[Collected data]

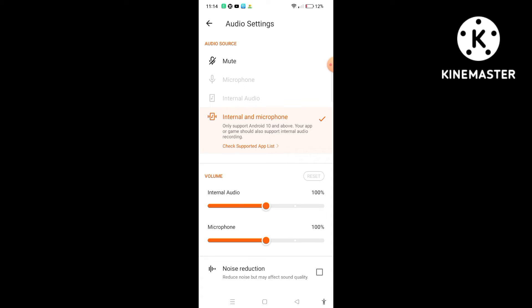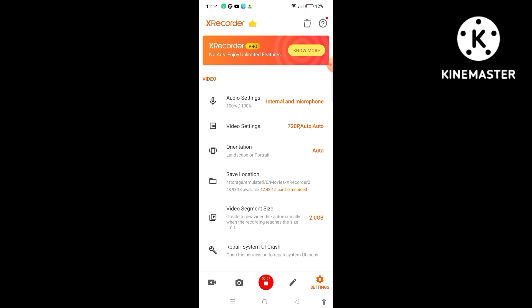Then what will happen? You will probably remain in the default microphone. What are you doing? You will simply switch to the internal and microphone and back.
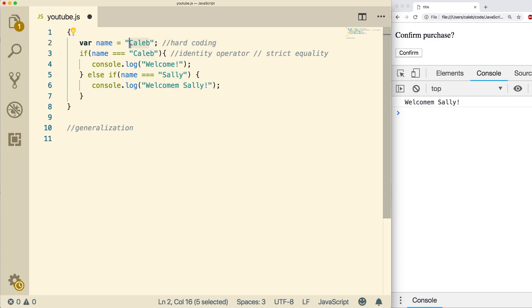the application is only going to work with the name Caleb. Yeah, silly example, but this might be some kind of configuration that is hardcoded and then used throughout the program.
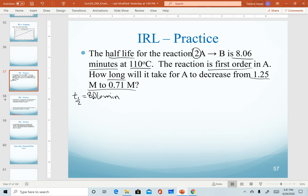The half-life, T sub one-half, is 8.06 minutes. Notice that temperature is given here but we don't include it in integrated rate law equations — integrated rate laws simply track reactant concentration over time. Temperature matters because rate constants are temperature dependent, so it's common to be given temperature even when not using it. Since this is first order, we know we're using the natural log function.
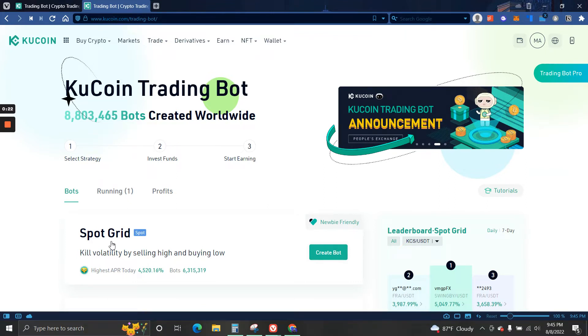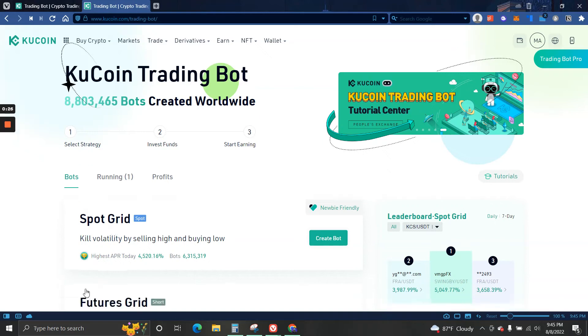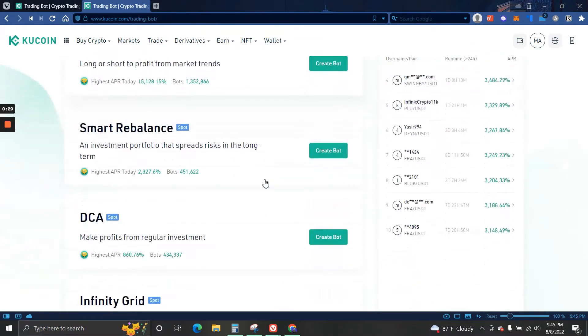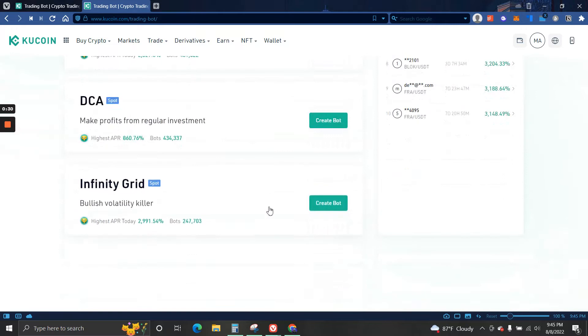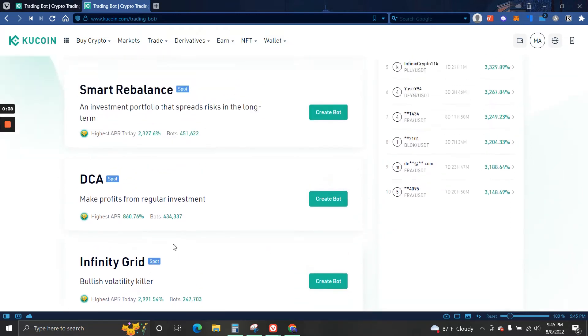It is not what I was expecting, but it has been good. Starting off, you guys can see here that there are five main strategies. The thing with KuCoin, at least for the trading bot, you cannot create your own strategy, so you have to stick with one of these.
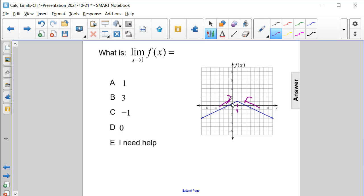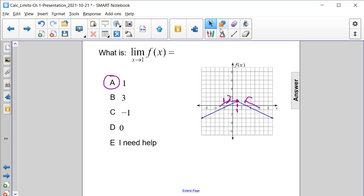From the left, it's getting closer and closer and closer to a y value of 1. And if we approach it from the right, we're approaching that same y value or function value at 1. So therefore, our answer here is 1.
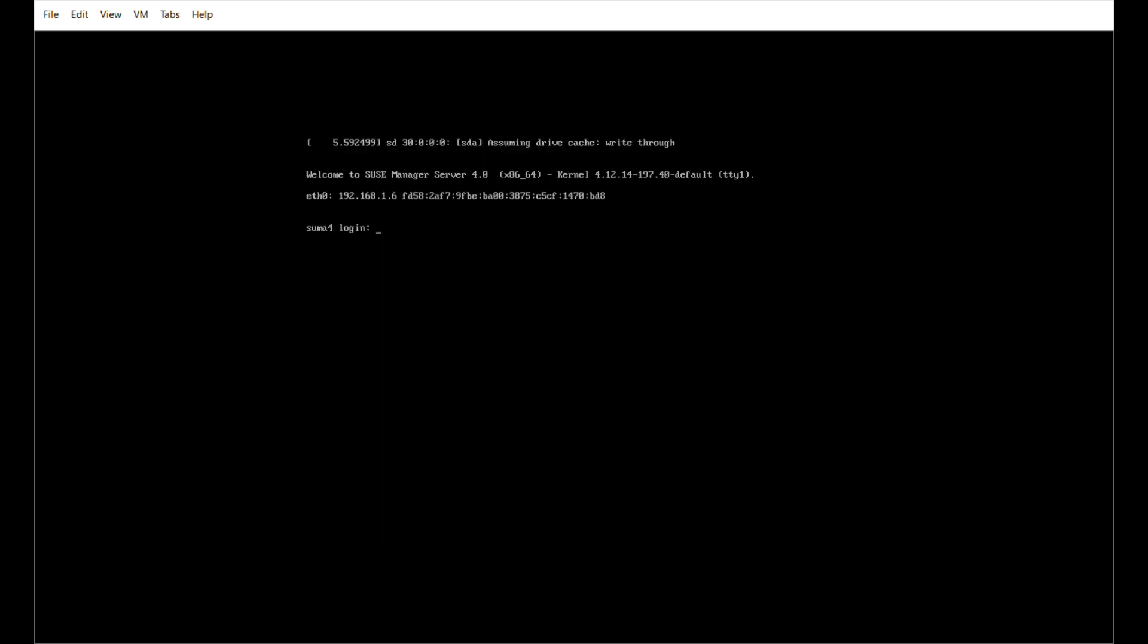Okay, so now we have SUSE Manager installed on our system. It's time to do the basic setup of the actual application. So we just sign in. I'm signing in, doing it as root. The first thing we need to do is set up the application certificates and database administration passwords. So we use YAST for that, yet another system tool.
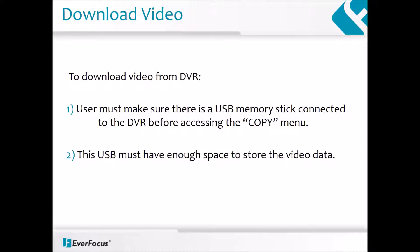Before we go into the detailed steps of the system menu, I would like to remind our users that in order to download and save your video data, you must first make sure you have a USB memory stick connected to your DVR and that there is enough space on your USB drive to store this video data.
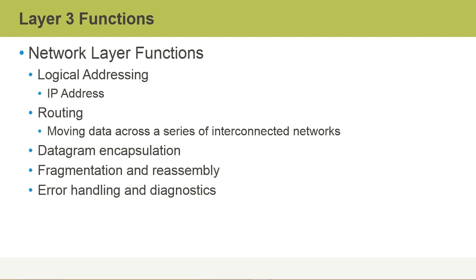Logical addressing is not only the assignment of IP addresses, but also the mathematical operations that help us determine whether a system exists on the network or off the network, and where do we send that information if we need to reach the destination system. So that's all part of logical addressing.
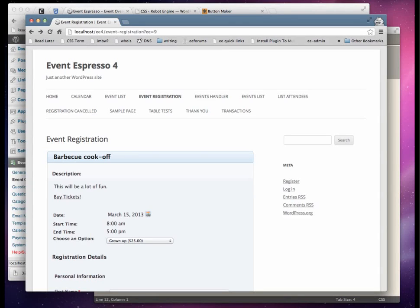Howdy! Today I want to show you how you can style links on the Event Espresso registration forms and make them look a little more button-like, make them stand out a little better.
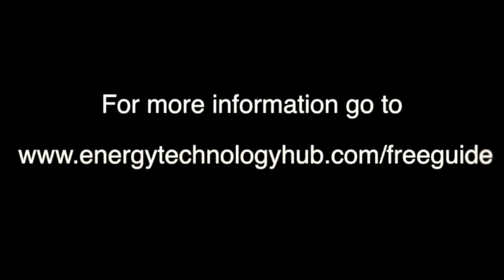For more information, go to www.energytechnologyhub.com/free-guide.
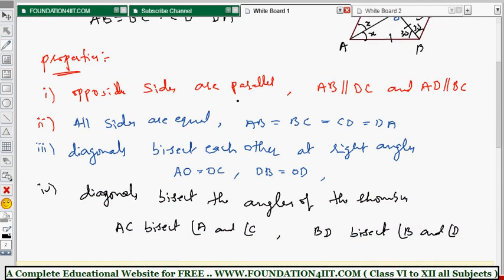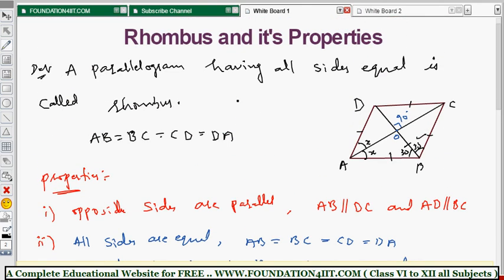These are the properties of rhombus — a parallelogram having all sides equal is called a rhombus. Next, we will see the properties of trapezium and its definition.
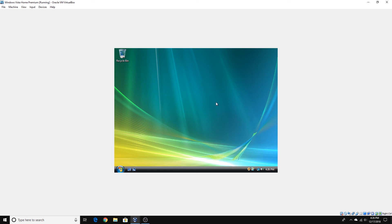So guys, that's how you install Windows Vista Home Premium in VirtualBox. If this was a helpful tutorial, then you can rate, comment, and subscribe for more tech videos. That said, this is EveryTechTime and I'll see you in the next one.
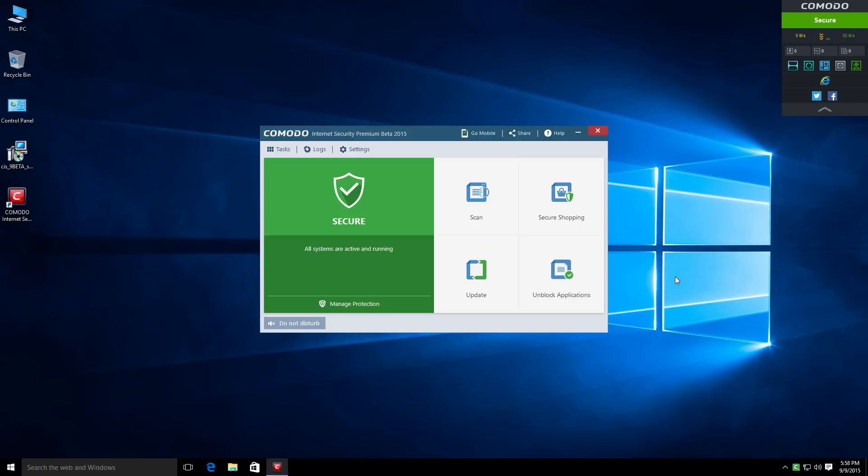We'll have to see how the next prevention test goes. So, that's it. I'll let you guys go. Hope you enjoyed this little sneak peek of Comodo Internet Security Beta Version 9. So, until next video, guys. Talk to you later.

What is required - Begin at the top of the records above and retype each line exactly until the line containing "the application is", which is included. Skip all pictures.

Answer section -
Then what will happen? You will probably remain in the default microphone. What are you doing? You will simply switch to the internal and microphone and back.
the application is only going to work with the name Caleb. Yeah, silly example, but this might be some kind of configuration that is hardcoded and then used throughout the program.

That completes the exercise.